Ludvig has recently completed an assignment as part of MSF's emergency team in the Democratic Republic of the Congo. This post was written six weeks after arriving in Bolomba, a remote area where Ludvig and the team have been fighting an outbreak of measles - one of the leading causes of death in children globally.

Ludvig Bolinder and members of the MSF team

Days are added to weeks and time passes, without you even realising it. 

Today, the first team has left for Itotela - the area to the south where we'll be extending our work. Myself and Doctor Mamie have been covering it, but now there will be 10 people who will establish the base, build a hospital building (in wood, with plastic ceilings), train the staff and then roll out the full-scale treatment of patients in three days.

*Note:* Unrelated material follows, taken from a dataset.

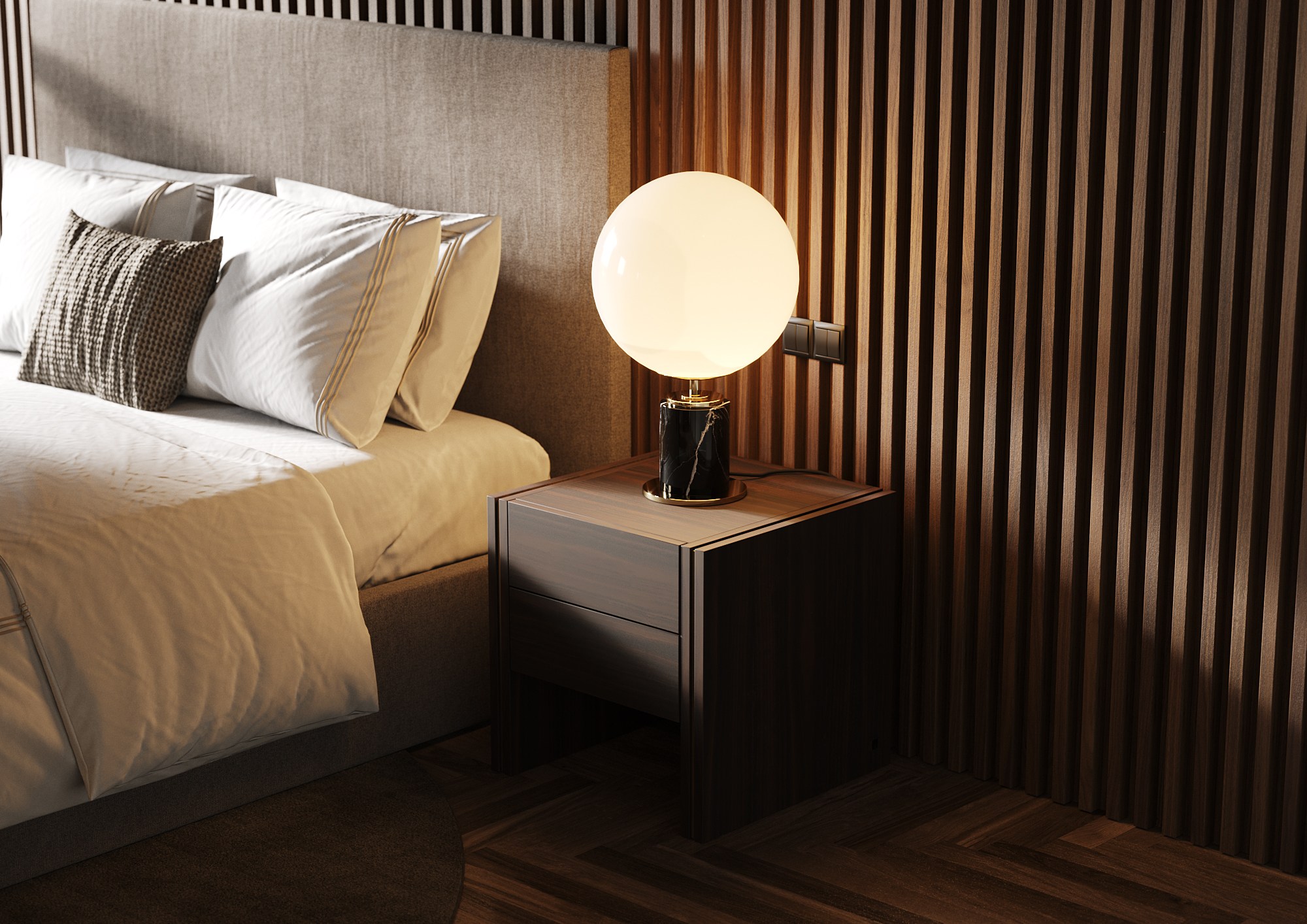 Shibam Bedroom & Home Office-2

Dr Mamie will be going with them, which leaves me in sole charge of our hospital here and for staff santé. That means dealing with any health problems among the 70 MSF staff here in Bolomba. And there are a lot: for example, around half the team has already been treated for malaria since we arrived, and virtually everyone (myself included) has done a de-parasite treatment at least once.
Doing rounds with 40 patients, discharging a dozen and receiving as many new ones is a rather busy day's work. In a hospital in Sweden it would be impossible, but that doesn't mean it can't be done. "Fever? Vomiting? Poo? Urine? Cough? Eating?" Clear.

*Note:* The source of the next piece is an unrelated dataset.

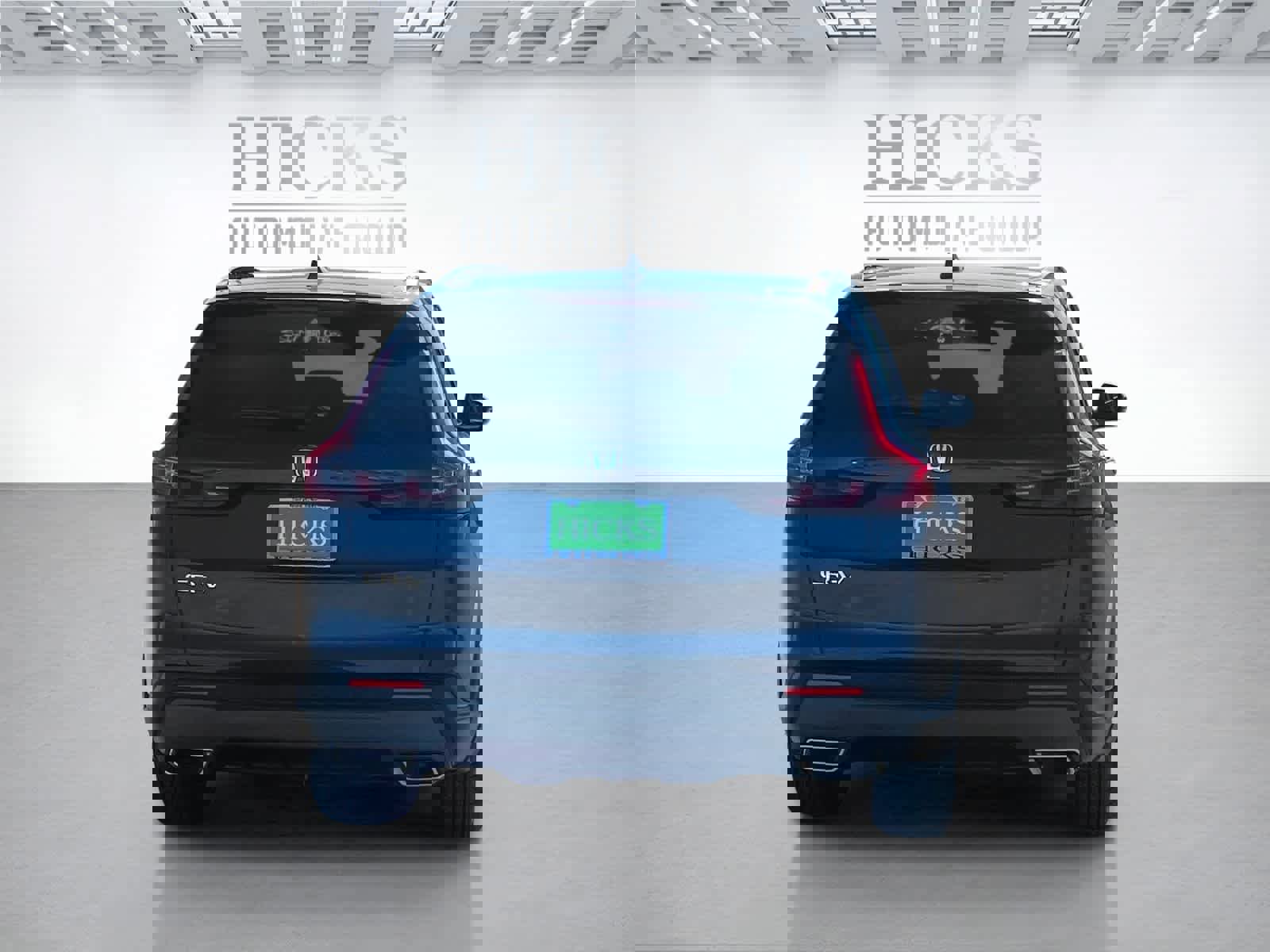 Used 2023 Honda CR-V Sport image 6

There are three possible lab analyses I can order: haemoglobin, blood sugar and a malaria test. No x-rays to base a decision around. No long journals to read. Barefoot medicine, we call it. In the short term, very liberating; in the long run, however, enormously frustrating to never really be able to find out the cause of the patient's symptoms. You're forced to use a degree of trial and error.
Whilst some things are less difficult here than back home in Sweden, others are complicated. Take for example oxygen treatment.
In Sweden:
1) Take an oxygen mask from the shelf on the wall.
2) Connect the hose to the oxygen outlet on the wall by the patient's bed.
3) Place mask on patient.
4) Press the button on the oxygen outlet.
Time: about 15 seconds.
In Bolomba:
1) Call the logistician via radio and wait for them to answer.
2) Ask the logistician to start the diesel generator.
3) Take down the oxygen concentrator and connect it to the generator with a giant extension cord.
4) Get an oxygen mask at the small hospital pharmacy.
5) Place mask on patient.
6) Press the button on the oxygen concentrator.
Time: about 15 minutes.
Two new international team mates have arrived during the week. And gone again. The Belgian pharmacist Sara will be in Itotela. The other, a French logistician named François, will devote himself to constructing vaccination sites for the vaccinations that start tomorrow.
500-1000 children are vaccinated every day by a single team of 10 people, one of whom is a nurse and holds the syringe. François goes round putting up and taking down vaccination sites all day long. In 45 minutes, he designs a fenced-off path using bamboo poles and plastic tape. This directs the queue of people. He then constructs a kind of tent that provides shade for the people in the queue.
Dinner's ready. Let me guess. Rice with foufou and the last of the goat we have been eating for a few days now. Yesterday it was the intestines and a hind leg, I think. Logically, there should be at least one leg left. How is the meat kept in anticipation of ingestion? Don't ask.
Also, don't ask which animal species the meat belongs to, if there is no goat, pig or chicken available. I've obviously eaten antelope, possibly a monkey and some unidentified predators. Don't ask, as I said.
After the food (yes – it was goat with rice) François comes with a surprise. A jar of NUTELLA!!! My friends, I tell you, I think the kingdom of heaven is eating Nutella with a spoon straight out of the jar after 1.5 months in Bolomba.